Magic of Myths: Faerie is an interesting prospect. It serves as a sort of side text to the core canon text of Magic of Myths (a review of which can be found here), exploring an aspect of the narrative’s world that has been somewhat alluded to before, but never fully explored. While Magic of Myths focuses on the primary players of the Roman and Greek pantheons, Faerie, unsurprisingly, explores the realm of the fae folk. As with the primary MoM story, it does so with characters that will be very familiar to a fair amount of readers. The presence of Mercury and Hermes serves as our main link back to the original story while the primary players in Faerie are drawn from Shakespeare’s A Midsummer Night’s Dream with Titania and Oberon serving as jealous rulers of the realm and unfaithful partners, their daughter Robin meanwhile is our entrance to the narrative and the figure unfairly cast as Puck in Shakespeare’s story.
The intention of Faerie is clearly that of a stand-alone story. While it’s referencing to the greater mythos of the Magic of Myths universe is often obvious, it does not rely on these references to forge its own narrative.
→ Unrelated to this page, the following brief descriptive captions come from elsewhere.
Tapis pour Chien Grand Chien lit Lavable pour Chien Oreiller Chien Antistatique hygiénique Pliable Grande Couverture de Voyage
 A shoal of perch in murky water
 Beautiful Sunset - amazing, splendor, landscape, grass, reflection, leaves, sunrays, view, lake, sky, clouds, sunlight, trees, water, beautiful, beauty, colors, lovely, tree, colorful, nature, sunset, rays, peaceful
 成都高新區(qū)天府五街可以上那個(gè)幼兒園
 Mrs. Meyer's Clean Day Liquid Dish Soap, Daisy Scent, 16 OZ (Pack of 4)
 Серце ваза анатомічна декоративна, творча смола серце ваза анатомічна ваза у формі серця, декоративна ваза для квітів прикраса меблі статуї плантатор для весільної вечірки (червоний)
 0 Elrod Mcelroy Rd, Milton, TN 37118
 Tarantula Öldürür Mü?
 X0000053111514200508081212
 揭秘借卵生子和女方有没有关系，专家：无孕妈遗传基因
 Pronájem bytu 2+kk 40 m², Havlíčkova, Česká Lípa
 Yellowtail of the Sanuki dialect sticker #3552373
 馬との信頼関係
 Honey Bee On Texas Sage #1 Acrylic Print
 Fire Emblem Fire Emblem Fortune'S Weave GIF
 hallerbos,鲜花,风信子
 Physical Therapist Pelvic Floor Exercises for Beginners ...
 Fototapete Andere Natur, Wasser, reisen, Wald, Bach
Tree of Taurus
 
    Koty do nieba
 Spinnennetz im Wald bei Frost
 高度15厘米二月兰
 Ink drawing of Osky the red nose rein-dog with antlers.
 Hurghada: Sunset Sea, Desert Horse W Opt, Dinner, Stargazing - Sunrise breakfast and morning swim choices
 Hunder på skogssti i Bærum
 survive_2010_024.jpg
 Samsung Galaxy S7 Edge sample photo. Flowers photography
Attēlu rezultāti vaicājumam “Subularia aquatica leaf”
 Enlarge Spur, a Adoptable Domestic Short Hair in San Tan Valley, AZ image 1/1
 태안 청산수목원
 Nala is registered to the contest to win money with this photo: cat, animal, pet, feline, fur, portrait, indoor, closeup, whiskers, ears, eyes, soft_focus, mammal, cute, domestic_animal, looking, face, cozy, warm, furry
The characters within stand up well on their own, despite the fact that it is no more than a brief glimpse we get at several of them. Titania in particular, conveys volumes with the short scene of speech in which she appears. What works so well for Faerie, perhaps even better than in the regular Magic of Myths storyline, is that it plays upon a certain established cultural knowledge. Even if you haven’t specifically read A Midsummer Night’s Dream or fairy related folklore, there are certain elements of the stories and characters that you know, seemingly without really knowing how or why. When it comes to matters of mythology, there is an extent of permeation that occurs regardless of intention. We are attracted to totemic figures, these near idol characters, and so, to a degree, we understand everything about Robin, Titania and Oberon even before we are shown their individual paths.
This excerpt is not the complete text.